Write all entries out exactly, images excluded.

[Start of Attachment]

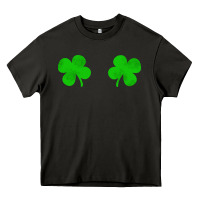 Asphalt four leaf clover Heavy Core Tee - artisFamous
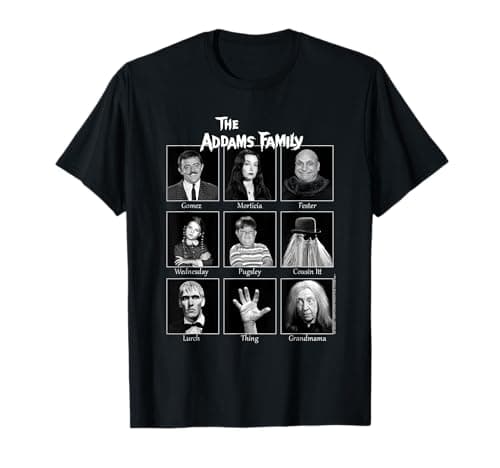 Addams Family Portraits T-Shirt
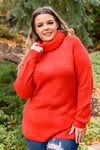 ONLINE EXCLUSIVE: Steady Pace Roll Neck Sweater In Red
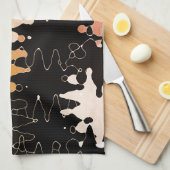 ABSTRACTE vormen van COOL Rustic Theedoek (Quarter Fold)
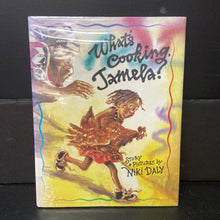 Load image into Gallery viewer, What&#39;s Cooking, Jamela? (Niki Daly) (Black History Month) -hardcover

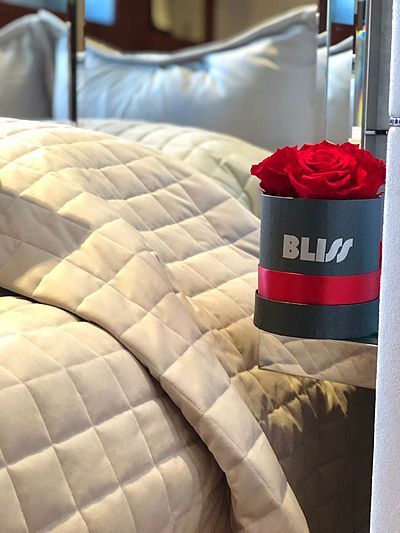 Bliss yacht interior detail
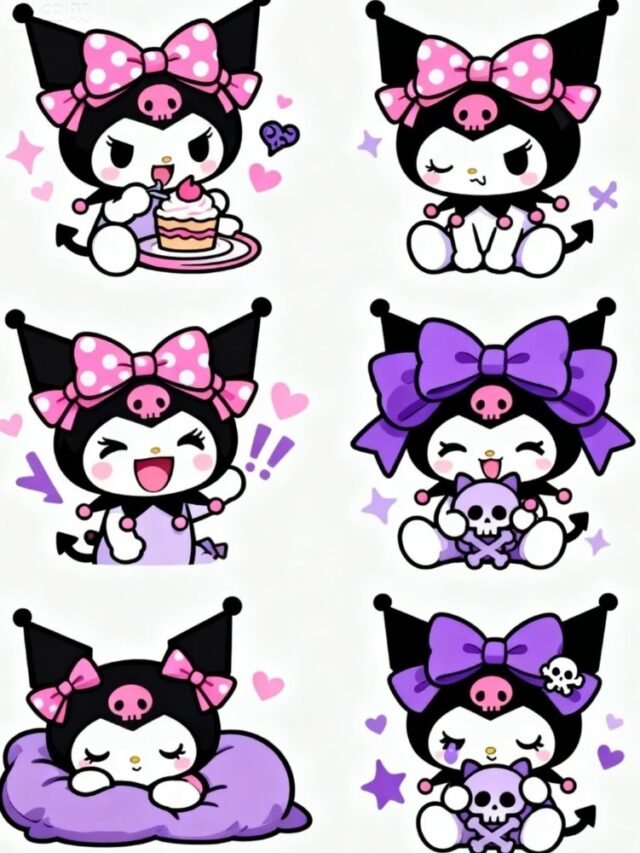 Tải ngay 114+ sticker kuromi đẹp mê mẩn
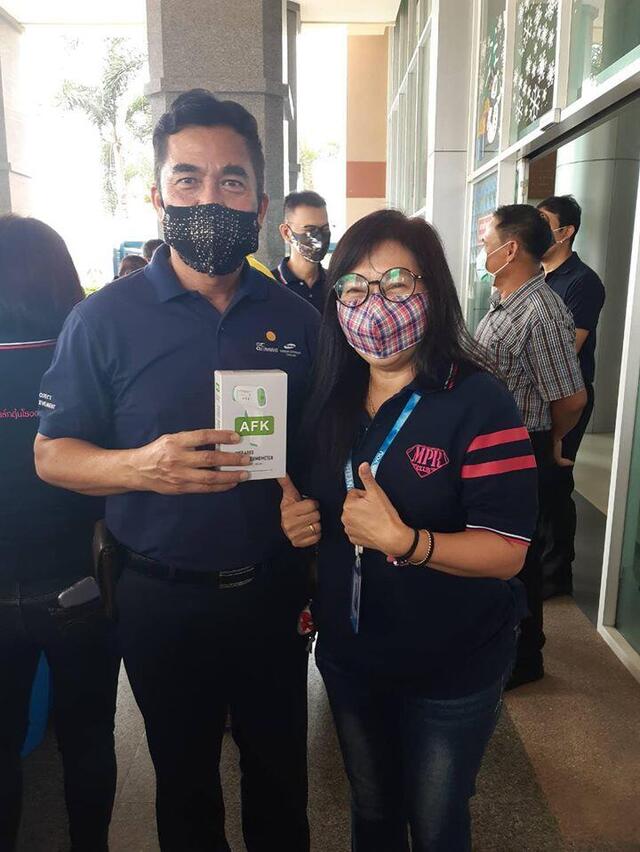 โรงไฟฟ้าบีแอลซีพี-ร่วมพิธีส่งมอบ-“เครื่องวัดอุณหภูมิร่างกาย”-ให้กับเทศบาลและชุมชนต่างๆ-ในจังหวัดระยอง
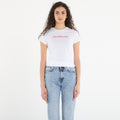 Karl Lagerfeld Jeans Slim Ss Reflection Tee White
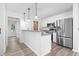 Modern kitchen featuring stainless appliances and ample countertop space at 1331 Bermuda Ct., Surfside Beach, SC 29575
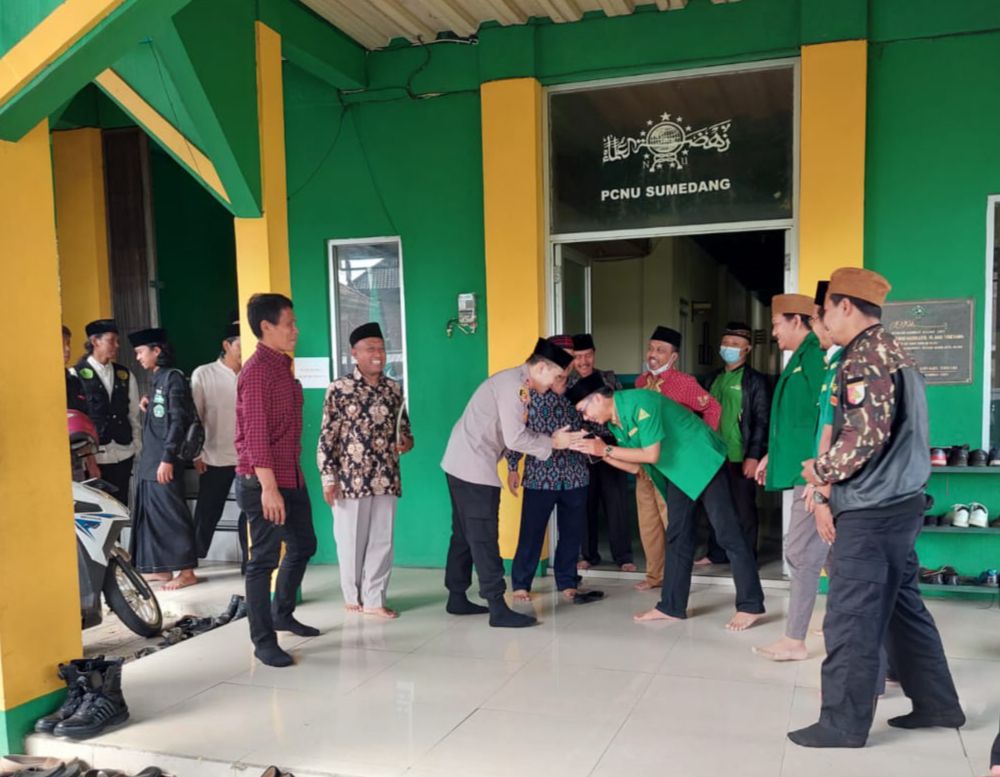 kapolres Sumedang Saat kunjungan ke PC NU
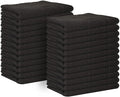 Premium 100% Cotton Hand Towels – Pack of 24, 16x27 Inch – Quick-Dry, Highly Absorbent Salon Towels for Hair Care, Gym, Spa & Bathroom – Charcoal Grey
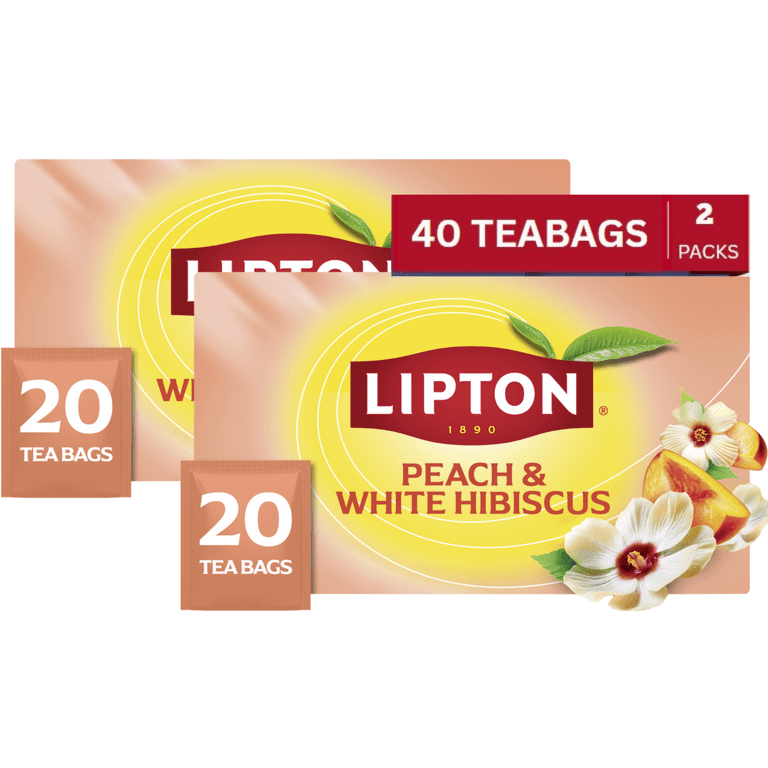 Lipton Peach Paradise Herbal Tea Bags, Caffeine Free Fruit Tea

[End of Attachment]

→ **Answer to the exercise**
 Asphalt four leaf clover Heavy Core Tee - artisFamous
 Addams Family Portraits T-Shirt
 ONLINE EXCLUSIVE: Steady Pace Roll Neck Sweater In Red
 ABSTRACTE vormen van COOL Rustic Theedoek (Quarter Fold)
 Load image into Gallery viewer, What&#39;s Cooking, Jamela? (Niki Daly) (Black History Month) -hardcover

 Bliss yacht interior detail
 Tải ngay 114+ sticker kuromi đẹp mê mẩn
 โรงไฟฟ้าบีแอลซีพี-ร่วมพิธีส่งมอบ-“เครื่องวัดอุณหภูมิร่างกาย”-ให้กับเทศบาลและชุมชนต่างๆ-ในจังหวัดระยอง
 Karl Lagerfeld Jeans Slim Ss Reflection Tee White
 Modern kitchen featuring stainless appliances and ample countertop space at 1331 Bermuda Ct., Surfside Beach, SC 29575
 kapolres Sumedang Saat kunjungan ke PC NU
 Premium 100% Cotton Hand Towels – Pack of 24, 16x27 Inch – Quick-Dry, Highly Absorbent Salon Towels for Hair Care, Gym, Spa & Bathroom – Charcoal Grey
 Lipton Peach Paradise Herbal Tea Bags, Caffeine Free Fruit Tea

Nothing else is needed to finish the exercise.